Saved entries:

· · ·

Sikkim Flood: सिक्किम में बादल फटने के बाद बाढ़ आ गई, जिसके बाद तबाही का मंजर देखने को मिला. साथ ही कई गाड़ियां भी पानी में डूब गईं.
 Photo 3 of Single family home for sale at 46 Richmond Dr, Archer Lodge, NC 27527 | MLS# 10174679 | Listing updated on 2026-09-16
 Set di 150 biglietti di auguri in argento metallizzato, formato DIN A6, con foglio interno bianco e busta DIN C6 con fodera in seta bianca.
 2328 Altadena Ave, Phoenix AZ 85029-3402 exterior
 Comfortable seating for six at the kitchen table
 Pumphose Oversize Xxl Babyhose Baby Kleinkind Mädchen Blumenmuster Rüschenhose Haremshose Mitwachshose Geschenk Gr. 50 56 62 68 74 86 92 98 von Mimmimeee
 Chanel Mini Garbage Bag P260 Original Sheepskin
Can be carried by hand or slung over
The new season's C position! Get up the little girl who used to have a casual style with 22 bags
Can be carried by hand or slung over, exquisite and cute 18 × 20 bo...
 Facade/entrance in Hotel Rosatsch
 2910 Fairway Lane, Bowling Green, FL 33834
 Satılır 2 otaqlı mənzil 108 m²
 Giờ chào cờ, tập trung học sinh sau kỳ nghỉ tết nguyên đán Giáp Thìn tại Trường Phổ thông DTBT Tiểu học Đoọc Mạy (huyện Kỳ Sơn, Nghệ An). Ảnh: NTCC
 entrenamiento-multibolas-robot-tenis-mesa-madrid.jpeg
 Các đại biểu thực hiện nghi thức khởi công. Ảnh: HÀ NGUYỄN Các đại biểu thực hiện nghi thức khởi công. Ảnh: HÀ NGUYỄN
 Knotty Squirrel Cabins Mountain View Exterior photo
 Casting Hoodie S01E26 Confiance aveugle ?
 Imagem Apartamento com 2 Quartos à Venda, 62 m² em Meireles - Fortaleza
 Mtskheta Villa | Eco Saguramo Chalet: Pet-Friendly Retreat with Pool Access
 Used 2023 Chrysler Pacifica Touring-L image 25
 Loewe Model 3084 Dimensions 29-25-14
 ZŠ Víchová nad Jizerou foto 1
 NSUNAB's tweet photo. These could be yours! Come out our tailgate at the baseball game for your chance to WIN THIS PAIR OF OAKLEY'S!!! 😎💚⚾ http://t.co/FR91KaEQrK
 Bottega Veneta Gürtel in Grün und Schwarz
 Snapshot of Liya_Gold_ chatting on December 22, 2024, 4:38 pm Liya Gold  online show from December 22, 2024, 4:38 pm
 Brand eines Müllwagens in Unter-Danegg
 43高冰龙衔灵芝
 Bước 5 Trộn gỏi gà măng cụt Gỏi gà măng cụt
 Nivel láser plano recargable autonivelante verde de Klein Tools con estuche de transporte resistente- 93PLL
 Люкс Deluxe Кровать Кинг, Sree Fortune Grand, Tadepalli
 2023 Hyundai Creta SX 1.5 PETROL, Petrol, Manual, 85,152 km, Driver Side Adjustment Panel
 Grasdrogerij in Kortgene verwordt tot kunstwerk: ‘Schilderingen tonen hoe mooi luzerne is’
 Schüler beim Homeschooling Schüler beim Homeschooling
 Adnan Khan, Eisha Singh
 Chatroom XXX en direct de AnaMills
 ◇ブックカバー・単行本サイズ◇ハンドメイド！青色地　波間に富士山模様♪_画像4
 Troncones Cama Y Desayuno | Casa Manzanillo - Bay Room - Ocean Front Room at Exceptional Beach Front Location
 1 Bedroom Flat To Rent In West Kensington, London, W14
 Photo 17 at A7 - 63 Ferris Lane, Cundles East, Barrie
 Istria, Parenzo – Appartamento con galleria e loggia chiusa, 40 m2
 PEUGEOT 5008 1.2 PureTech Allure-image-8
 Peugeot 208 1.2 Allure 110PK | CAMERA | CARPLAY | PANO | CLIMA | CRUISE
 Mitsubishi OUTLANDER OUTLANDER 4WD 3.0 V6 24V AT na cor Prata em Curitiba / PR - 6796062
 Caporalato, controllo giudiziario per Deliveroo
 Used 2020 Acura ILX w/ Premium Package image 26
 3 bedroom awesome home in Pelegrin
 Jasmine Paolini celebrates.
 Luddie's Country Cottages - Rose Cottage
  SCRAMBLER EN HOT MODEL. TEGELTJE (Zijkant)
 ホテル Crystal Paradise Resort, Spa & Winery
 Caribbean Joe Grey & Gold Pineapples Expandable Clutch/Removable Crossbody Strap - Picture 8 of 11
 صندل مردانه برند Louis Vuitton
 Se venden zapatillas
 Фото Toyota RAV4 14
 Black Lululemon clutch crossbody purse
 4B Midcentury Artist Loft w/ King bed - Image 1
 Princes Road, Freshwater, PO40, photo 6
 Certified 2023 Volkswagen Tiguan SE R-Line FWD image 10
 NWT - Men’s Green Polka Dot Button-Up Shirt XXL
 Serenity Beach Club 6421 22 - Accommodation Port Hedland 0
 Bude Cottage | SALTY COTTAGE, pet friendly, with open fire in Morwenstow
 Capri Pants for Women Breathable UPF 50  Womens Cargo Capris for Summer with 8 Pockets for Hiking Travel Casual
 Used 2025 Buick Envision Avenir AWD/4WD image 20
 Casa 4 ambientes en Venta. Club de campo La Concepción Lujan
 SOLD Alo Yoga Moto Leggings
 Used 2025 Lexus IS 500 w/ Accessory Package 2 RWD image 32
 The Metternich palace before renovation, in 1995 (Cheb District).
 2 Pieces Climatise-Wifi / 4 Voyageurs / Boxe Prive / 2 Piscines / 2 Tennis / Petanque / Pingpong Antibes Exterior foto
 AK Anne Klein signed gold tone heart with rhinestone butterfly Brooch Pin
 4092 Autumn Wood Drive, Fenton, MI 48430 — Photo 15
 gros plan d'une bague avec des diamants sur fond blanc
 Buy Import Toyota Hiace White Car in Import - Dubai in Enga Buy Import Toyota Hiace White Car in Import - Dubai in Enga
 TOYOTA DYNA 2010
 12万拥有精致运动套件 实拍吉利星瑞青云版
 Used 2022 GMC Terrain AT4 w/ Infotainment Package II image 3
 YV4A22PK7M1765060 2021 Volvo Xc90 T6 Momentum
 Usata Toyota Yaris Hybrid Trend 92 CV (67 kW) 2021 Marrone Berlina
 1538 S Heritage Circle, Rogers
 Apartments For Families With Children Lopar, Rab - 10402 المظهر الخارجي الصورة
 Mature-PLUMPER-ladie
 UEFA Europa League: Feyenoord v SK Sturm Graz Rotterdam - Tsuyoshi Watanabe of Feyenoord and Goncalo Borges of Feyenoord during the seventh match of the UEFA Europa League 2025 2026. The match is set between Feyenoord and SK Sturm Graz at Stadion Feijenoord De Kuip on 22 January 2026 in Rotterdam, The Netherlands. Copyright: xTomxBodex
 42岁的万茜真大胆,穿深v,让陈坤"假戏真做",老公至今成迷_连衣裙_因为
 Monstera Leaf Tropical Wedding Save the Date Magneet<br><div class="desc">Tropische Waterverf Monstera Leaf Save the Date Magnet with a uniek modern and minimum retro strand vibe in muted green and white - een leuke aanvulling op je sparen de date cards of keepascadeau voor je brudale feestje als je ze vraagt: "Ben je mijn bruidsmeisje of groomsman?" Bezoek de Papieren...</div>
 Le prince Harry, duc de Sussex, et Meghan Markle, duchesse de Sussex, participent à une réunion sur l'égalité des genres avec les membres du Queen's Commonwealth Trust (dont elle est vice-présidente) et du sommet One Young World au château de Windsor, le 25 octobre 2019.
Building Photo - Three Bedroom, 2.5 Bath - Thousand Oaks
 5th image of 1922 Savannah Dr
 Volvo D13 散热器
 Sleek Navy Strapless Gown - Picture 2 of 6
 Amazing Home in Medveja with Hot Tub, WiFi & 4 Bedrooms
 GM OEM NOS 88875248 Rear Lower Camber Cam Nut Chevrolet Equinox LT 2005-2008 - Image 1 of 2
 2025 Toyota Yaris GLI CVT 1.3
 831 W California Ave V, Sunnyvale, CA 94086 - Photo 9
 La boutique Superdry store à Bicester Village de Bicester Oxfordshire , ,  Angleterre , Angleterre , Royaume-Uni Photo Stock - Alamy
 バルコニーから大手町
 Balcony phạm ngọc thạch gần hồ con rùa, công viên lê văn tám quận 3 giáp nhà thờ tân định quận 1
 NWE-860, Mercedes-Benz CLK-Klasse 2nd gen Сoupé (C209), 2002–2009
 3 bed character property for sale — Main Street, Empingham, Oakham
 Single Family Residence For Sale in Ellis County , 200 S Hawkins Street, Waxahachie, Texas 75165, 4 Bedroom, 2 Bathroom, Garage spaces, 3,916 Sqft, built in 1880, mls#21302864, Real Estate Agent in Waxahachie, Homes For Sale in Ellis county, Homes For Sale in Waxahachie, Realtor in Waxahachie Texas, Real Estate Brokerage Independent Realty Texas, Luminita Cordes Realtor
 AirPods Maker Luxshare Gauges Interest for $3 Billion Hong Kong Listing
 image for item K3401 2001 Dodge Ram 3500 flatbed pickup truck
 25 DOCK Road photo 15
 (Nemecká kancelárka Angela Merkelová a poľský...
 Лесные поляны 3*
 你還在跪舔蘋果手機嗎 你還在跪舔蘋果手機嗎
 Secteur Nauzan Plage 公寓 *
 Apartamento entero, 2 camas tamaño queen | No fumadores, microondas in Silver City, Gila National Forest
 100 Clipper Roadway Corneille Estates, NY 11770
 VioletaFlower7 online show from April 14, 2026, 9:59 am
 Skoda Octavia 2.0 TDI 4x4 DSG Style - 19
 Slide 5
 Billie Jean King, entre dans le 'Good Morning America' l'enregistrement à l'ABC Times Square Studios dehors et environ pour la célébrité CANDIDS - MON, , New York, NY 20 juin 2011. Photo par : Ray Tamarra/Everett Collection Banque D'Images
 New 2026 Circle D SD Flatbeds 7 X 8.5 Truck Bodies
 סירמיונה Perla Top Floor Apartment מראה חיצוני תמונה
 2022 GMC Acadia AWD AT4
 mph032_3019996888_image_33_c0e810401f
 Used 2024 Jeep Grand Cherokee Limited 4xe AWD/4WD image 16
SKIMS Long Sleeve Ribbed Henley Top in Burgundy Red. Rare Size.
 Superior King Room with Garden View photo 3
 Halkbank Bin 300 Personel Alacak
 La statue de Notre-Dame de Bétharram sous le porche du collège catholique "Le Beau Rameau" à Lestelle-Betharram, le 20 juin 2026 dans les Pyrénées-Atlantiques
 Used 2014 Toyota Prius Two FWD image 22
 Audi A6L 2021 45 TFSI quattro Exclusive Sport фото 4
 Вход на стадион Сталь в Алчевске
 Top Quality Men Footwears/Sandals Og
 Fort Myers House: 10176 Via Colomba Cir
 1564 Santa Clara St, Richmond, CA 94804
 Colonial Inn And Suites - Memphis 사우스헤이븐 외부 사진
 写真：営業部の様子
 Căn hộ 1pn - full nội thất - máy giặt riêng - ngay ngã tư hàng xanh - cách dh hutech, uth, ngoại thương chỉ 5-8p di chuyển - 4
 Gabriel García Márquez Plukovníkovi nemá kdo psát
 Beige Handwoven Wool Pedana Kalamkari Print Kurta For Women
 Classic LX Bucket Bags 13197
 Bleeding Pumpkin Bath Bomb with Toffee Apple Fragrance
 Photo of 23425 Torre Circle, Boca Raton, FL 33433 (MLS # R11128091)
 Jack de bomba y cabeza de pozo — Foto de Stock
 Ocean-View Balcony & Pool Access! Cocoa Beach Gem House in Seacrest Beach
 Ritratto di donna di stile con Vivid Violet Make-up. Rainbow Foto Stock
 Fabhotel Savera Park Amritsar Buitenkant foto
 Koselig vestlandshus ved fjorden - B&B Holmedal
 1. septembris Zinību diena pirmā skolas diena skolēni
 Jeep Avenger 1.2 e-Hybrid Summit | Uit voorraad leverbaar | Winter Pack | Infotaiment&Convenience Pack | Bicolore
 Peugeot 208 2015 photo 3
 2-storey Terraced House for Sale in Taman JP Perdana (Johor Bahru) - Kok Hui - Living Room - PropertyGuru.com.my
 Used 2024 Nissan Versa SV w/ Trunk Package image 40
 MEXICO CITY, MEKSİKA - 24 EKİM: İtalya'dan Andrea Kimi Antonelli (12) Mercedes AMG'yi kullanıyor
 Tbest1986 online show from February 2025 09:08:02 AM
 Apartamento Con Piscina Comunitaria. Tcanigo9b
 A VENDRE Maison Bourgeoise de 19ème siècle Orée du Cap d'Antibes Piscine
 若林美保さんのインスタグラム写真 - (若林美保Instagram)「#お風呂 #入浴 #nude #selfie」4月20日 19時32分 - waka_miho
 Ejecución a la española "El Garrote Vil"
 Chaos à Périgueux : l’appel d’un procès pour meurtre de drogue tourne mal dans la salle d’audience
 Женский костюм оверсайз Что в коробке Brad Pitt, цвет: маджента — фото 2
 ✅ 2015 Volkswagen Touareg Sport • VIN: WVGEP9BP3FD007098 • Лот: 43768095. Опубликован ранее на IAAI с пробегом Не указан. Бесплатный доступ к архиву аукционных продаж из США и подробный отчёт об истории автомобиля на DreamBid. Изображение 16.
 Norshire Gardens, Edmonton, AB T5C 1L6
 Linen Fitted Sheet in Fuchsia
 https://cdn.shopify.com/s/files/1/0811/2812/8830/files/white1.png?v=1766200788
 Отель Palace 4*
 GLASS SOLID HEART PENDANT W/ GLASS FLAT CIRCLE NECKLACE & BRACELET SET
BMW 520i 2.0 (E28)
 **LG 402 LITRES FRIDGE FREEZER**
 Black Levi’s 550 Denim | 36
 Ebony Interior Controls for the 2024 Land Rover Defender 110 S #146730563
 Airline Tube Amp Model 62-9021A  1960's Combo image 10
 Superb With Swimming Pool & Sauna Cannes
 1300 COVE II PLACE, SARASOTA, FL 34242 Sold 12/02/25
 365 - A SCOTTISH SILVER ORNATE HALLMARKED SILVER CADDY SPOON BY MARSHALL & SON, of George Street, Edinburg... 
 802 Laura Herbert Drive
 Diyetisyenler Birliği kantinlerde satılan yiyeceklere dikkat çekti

· · ·

= How to complete this task =
For this task, write out exactly the lines of the entries above, starting at the line with "Bleeding Pumpkin Bath" and ending at the line with "Used 2024 Nissan", both included, and no others.

= Expected answer =
 Bleeding Pumpkin Bath Bomb with Toffee Apple Fragrance
 Photo of 23425 Torre Circle, Boca Raton, FL 33433 (MLS # R11128091)
 Jack de bomba y cabeza de pozo — Foto de Stock
 Ocean-View Balcony & Pool Access! Cocoa Beach Gem House in Seacrest Beach
 Ritratto di donna di stile con Vivid Violet Make-up. Rainbow Foto Stock
 Fabhotel Savera Park Amritsar Buitenkant foto
 Koselig vestlandshus ved fjorden - B&B Holmedal
 1. septembris Zinību diena pirmā skolas diena skolēni
 Jeep Avenger 1.2 e-Hybrid Summit | Uit voorraad leverbaar | Winter Pack | Infotaiment&Convenience Pack | Bicolore
 Peugeot 208 2015 photo 3
 2-storey Terraced House for Sale in Taman JP Perdana (Johor Bahru) - Kok Hui - Living Room - PropertyGuru.com.my
 Used 2024 Nissan Versa SV w/ Trunk Package image 40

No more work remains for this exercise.